As time has passed, I have found myself reading less and less, and even needing to remind myself to write. To some degree, this goes back to the general satiety that comes with any activity done for long enough. However, there is another issue: Repetitiveness.

When I first started reading, I truly appreciated the many different views on various topics, the new angles and perspectives, other ways of thinking, being exposed to entirely new topics, … By now, the amount of “newness” has shrunk considerably. Not only because I have covered a lot of ground already, but because the various blogs tend to say more or less the same things about more or less the same issues (even if divided into several camps). Reading the same thing for the fifth time is more of a chore than a pleasure and writing the same comment for the fifth time is even worse.
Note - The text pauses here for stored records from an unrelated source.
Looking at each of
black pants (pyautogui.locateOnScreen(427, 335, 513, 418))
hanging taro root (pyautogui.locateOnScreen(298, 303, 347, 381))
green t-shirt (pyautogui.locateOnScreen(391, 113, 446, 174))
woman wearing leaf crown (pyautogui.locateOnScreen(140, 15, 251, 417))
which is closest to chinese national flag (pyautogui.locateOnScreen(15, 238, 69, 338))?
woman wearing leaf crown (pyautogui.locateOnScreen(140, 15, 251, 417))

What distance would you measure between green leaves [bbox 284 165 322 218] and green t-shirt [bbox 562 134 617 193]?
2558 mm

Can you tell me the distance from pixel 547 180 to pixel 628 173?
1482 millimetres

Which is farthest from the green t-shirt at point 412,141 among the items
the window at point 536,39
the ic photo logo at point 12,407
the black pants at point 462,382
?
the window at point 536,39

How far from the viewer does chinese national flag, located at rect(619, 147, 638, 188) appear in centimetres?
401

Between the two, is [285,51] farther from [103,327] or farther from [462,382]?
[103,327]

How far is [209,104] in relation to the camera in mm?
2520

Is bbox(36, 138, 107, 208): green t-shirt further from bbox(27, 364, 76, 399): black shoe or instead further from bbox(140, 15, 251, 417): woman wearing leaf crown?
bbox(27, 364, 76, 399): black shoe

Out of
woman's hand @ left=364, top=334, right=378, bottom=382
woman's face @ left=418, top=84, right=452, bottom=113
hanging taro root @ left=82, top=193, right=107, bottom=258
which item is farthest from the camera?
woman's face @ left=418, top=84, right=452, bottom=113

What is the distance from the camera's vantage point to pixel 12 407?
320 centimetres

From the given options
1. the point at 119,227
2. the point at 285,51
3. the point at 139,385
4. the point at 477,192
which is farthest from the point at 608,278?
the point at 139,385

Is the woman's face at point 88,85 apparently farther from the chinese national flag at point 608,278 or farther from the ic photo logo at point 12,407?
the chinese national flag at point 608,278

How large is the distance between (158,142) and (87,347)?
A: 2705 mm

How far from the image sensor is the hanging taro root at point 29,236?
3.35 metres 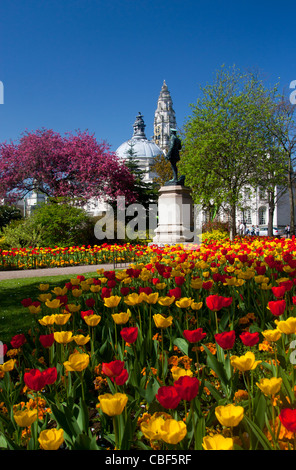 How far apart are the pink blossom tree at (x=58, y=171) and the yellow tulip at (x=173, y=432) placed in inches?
902

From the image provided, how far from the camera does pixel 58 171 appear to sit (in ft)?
81.2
Without the drive/hope for new insights, my reading has switched from following interesting tags to using the top-100 lists for blog entries. This with the dual idea of these having a higher on-average quality and being more suitable for driving traffic to my own blog through comments. The former is a two-edged sword for the German and Swedish listings, because the blogs found are more-or-less the same on every visit, leading to even greater repetitiveness. Further, the choice is made by popularity, not quality, which means both that there are a number of duds to be found and that true originality of thought is further reduced by the selective pressure of the masses. The English version is near useless: After subtracting all the lol cats, online magazines, hyper-commercial low-quality entries, and similar, there is but a handful out of the hundred worth bothering with. (Lest there be any misunderstanding: I am a great fan of various humour sources on the Internet, lol cats included. However, when I want humour, I visit the sites directly—their presence with multiple entries each on the top-100 list amounts to pollution.)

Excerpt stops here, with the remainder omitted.